Please watch this https://youtu.be/LJCEyqcKN3Q?t=5m50s and tell me which other country in this world can match this. Getting a loan in under 8 minutes. Or opening a bank account in under 10 min.
This is a technological revolution - but not happening in Copenhagen or Zurich, but dusty villages of India.
I have had enough of these Aadhaar critics - and now Mozilla - who have colonised their minds with some western ideas, and are unable to see what's happening in India.
Bottom line, there's no better example of how technology can drastically change lives for the poor and the needy than Aadhaar.
Those who are unable to see it, are usually just biased because need clicks for their publications, or need to build their reputation as security analyst or something by bashing something. Look into this thread itself, and you'll find them linking to each other's twitter profile etc. Sickening really.
by devnonymous on 5/27/17, 6:23 PM
> The Indian ID drive has ensured that benefits make it to the people who need
> them without 80% of it being skimmed by corrupt bureaucrats.
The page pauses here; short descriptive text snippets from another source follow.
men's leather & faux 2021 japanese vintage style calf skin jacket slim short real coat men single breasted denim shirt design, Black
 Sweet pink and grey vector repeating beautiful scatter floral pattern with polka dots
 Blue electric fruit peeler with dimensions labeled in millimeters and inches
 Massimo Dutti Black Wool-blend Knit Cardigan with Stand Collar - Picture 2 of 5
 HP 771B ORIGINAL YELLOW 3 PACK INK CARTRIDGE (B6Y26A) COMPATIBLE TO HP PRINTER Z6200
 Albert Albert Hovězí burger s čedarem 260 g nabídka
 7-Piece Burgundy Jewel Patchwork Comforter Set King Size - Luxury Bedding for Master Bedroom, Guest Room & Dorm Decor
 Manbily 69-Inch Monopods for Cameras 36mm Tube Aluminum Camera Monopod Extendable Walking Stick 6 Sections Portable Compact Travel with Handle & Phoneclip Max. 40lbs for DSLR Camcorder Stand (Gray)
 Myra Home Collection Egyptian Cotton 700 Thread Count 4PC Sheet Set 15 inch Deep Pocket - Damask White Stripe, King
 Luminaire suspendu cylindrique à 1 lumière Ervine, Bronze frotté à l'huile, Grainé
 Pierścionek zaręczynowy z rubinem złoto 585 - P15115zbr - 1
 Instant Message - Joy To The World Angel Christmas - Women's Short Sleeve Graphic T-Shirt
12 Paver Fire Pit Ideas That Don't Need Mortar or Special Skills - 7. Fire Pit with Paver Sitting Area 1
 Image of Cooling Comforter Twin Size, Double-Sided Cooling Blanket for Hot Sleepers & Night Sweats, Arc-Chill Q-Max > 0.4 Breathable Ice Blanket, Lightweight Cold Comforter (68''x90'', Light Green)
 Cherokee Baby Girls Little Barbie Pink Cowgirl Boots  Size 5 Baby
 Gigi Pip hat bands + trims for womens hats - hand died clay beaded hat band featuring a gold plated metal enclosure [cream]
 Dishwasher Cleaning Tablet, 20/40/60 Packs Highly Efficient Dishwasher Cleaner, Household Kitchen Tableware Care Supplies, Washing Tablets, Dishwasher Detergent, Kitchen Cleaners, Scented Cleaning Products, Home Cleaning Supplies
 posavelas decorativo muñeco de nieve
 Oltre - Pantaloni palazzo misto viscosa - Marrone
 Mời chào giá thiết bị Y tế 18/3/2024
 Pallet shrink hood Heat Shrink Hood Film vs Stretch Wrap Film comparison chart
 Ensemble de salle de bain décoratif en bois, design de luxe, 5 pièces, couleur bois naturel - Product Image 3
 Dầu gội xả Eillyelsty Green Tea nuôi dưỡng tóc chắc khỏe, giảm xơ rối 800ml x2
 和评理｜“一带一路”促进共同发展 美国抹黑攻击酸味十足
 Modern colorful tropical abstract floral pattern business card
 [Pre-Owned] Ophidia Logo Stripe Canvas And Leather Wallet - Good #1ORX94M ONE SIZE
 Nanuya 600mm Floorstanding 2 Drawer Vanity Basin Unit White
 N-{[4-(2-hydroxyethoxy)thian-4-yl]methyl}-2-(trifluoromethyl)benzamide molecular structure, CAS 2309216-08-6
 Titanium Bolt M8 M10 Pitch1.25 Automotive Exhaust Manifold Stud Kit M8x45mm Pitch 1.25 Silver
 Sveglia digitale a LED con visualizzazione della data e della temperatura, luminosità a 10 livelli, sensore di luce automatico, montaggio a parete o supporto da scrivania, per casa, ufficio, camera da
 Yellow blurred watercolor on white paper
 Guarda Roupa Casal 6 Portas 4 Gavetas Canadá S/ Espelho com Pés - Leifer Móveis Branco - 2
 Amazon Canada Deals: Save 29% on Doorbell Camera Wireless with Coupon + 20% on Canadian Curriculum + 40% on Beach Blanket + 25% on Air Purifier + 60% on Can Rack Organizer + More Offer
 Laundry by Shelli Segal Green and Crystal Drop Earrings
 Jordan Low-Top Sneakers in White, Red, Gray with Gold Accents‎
Citation ? (not about the corruption happening, that has been well established, but about aadhaar allegedly solving this problem). > Having a real identification gives very poor individuals the identification
> necessary to open bank accounts and interact with the financial sector.
There already are a pletora of identification methods in India, including the PAN, ration card, BPL Card, Voter ID etc. In the end the problems that keep it from being 'unique' are in the implementation at the grass roots. How is Aadhaar going to change this ? There already are a lot of reports of duplication of Aadhaar. > It's the first really reliable census data for a lot of areas.
Reliable ? Oh really ? According to the goverment's own addmission :http://aadhaarcarduid.org/uidai-cancelled-3-8-lakh-fake-aadh...
> It's disgusting that Mozilla sits there and pontificates about stopping
> programs which solve problems _they don't have_. In 50 years, when a couple
> hundred million Indians aren't having trouble getting enough to eat because
> their government subsidies were stolen, then maybe it's worth having this
> conversation. Until then, shut up and and let India solve its own problems,
> and don't help people starve to death on account of your pompous moral
> litmus tests.
Firstly, the Indian goverment is not even interested in debating or engaing
people who have a different viewpoint than them, including the Superme Court of
India. So, tell me again, which is this India you speak about that is allegedly
soloving its problems ? I feel like Indians like me are lesser Indians than thos
that toe the Goverment line.I often think about this when it comes to Indians reacting to critizims about India:
Except from the book "Restart"[1]
> Then the denial, the one form of intellectual argument we have mastered.
> India has no problem; if it has a problem, it is nobody else’s business;
> everybody else also has this problem; everybody else has other problems, why
> don’t you talk about those instead; why are you saying this is a problem, it is
> a part of our 5000-year- old culture; we knew the answers to all problems in
> the Vedic era; even if we have this problem, it is not our fault; even if we
> have this problem, we cannot accept any of the solutions that have been shown
> to work elsewhere; even if we have this problem, it is much better than it was;
> perhaps we have this problem, but it is none of your business.
...and this book is not even about sociology or politics, it is about economics.http://www.amazon.in/Restart-Last-Chance-Indian-Economy/dp/8...
by hackuser on 5/27/17, 7:15 PM
Seeing the same, generally weak talking points, angrily defending the Indian government, advocating nationalistic points of view, and repeated over and over - it all reminds me of threads critical of China and Russia.